Task item: The line containing "Cách chơi đa" and each line after it, through the final line of the data, are to be retyped exactly, with pictures left out.

Image-text web data:
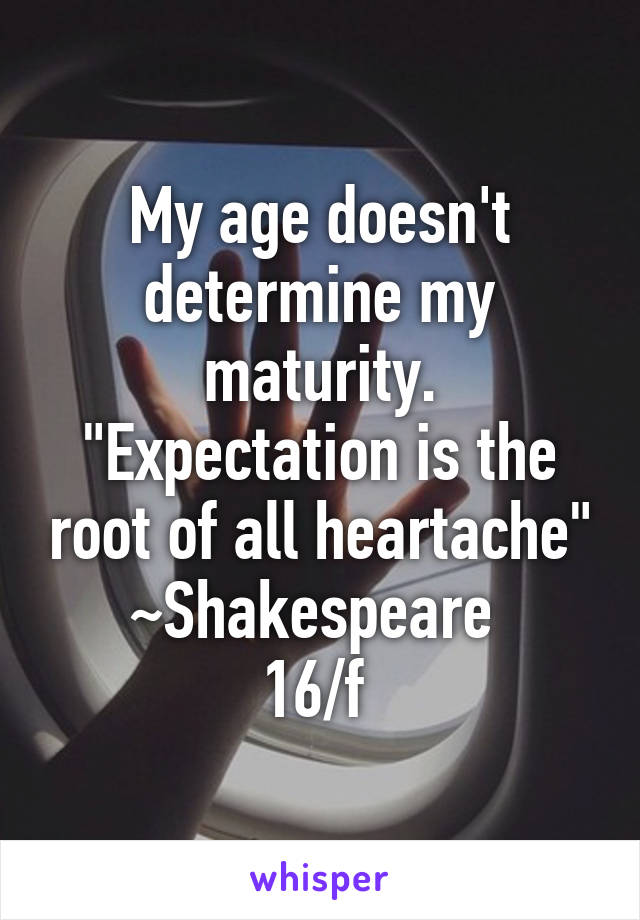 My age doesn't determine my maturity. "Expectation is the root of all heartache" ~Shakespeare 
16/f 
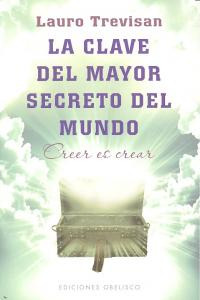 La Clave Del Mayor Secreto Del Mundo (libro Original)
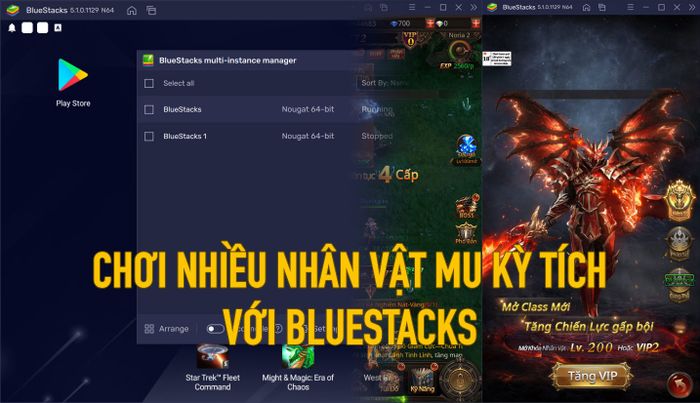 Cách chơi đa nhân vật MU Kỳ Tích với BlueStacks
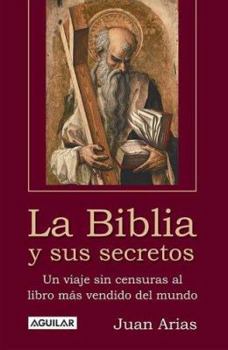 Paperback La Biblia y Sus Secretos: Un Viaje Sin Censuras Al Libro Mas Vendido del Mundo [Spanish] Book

Written response:
 Cách chơi đa nhân vật MU Kỳ Tích với BlueStacks
 Paperback La Biblia y Sus Secretos: Un Viaje Sin Censuras Al Libro Mas Vendido del Mundo [Spanish] Book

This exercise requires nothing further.